- _Description of the task_
Transcribe the data verbatim and drop its images.

(Beginning of Material provided)

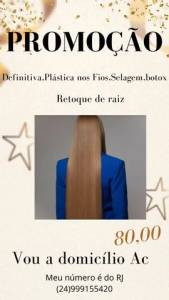 Selagem,seme Definitiva,botox,tratamento Personalizado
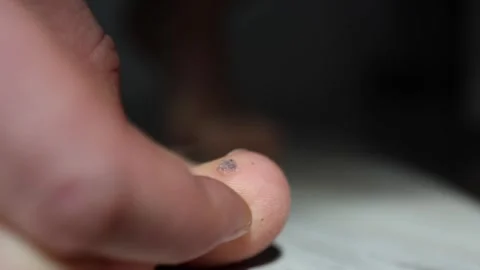 Closeup of fingers holding a toe with a dry crusty wart under harsh lighting det Stock Footage 312979290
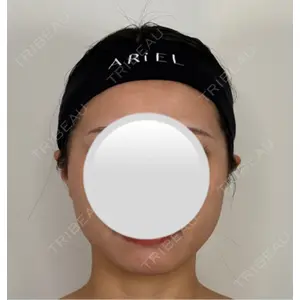 アリエル美容クリニック アリエル美容クリニック 水戸院口コミ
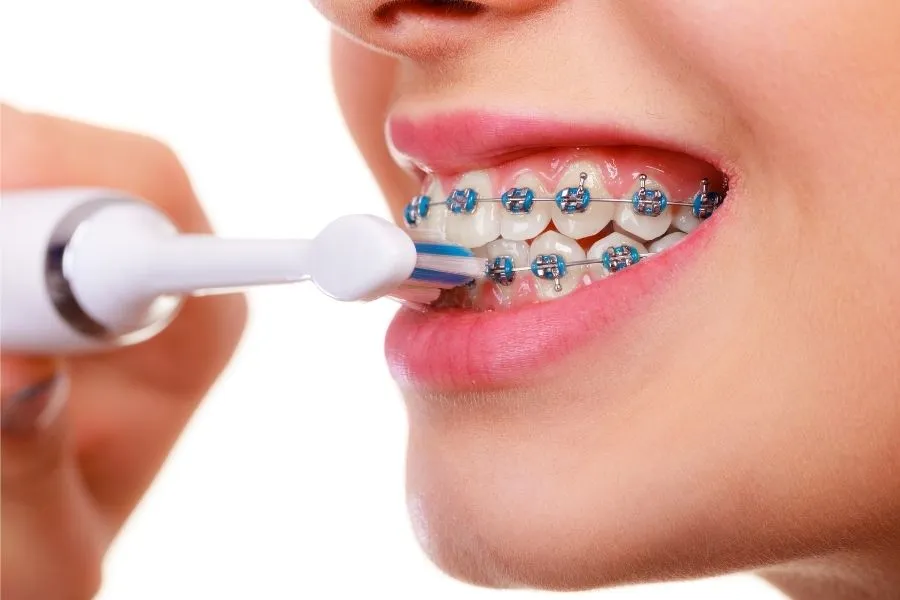 Zdjęcie Jak często myć zęby szczoteczką soniczną, aby uniknąć problemów?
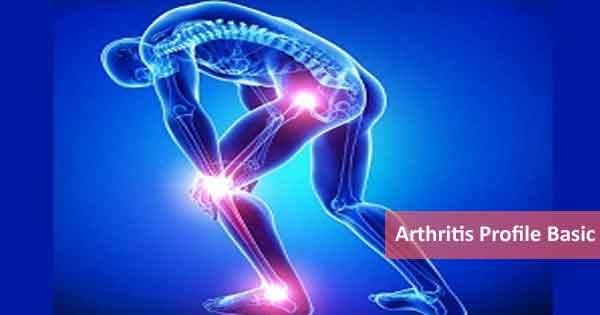 Arthritis Profile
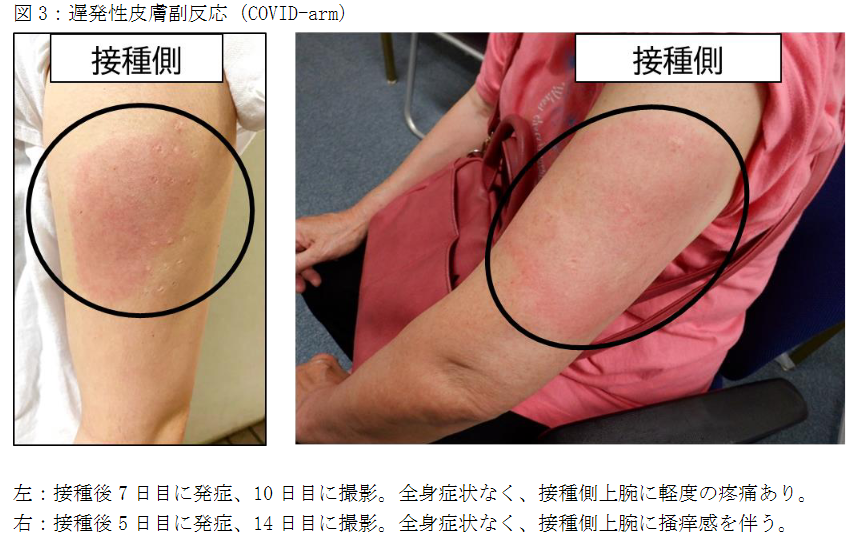 画像に alt 属性が指定されていません。ファイル名: モデルナアーム-1.png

(End of Material provided)

- _Solution for this problem_
 Selagem,seme Definitiva,botox,tratamento Personalizado
 Closeup of fingers holding a toe with a dry crusty wart under harsh lighting det Stock Footage 312979290
 アリエル美容クリニック アリエル美容クリニック 水戸院口コミ
 Zdjęcie Jak często myć zęby szczoteczką soniczną, aby uniknąć problemów?
 Arthritis Profile
 画像に alt 属性が指定されていません。ファイル名: モデルナアーム-1.png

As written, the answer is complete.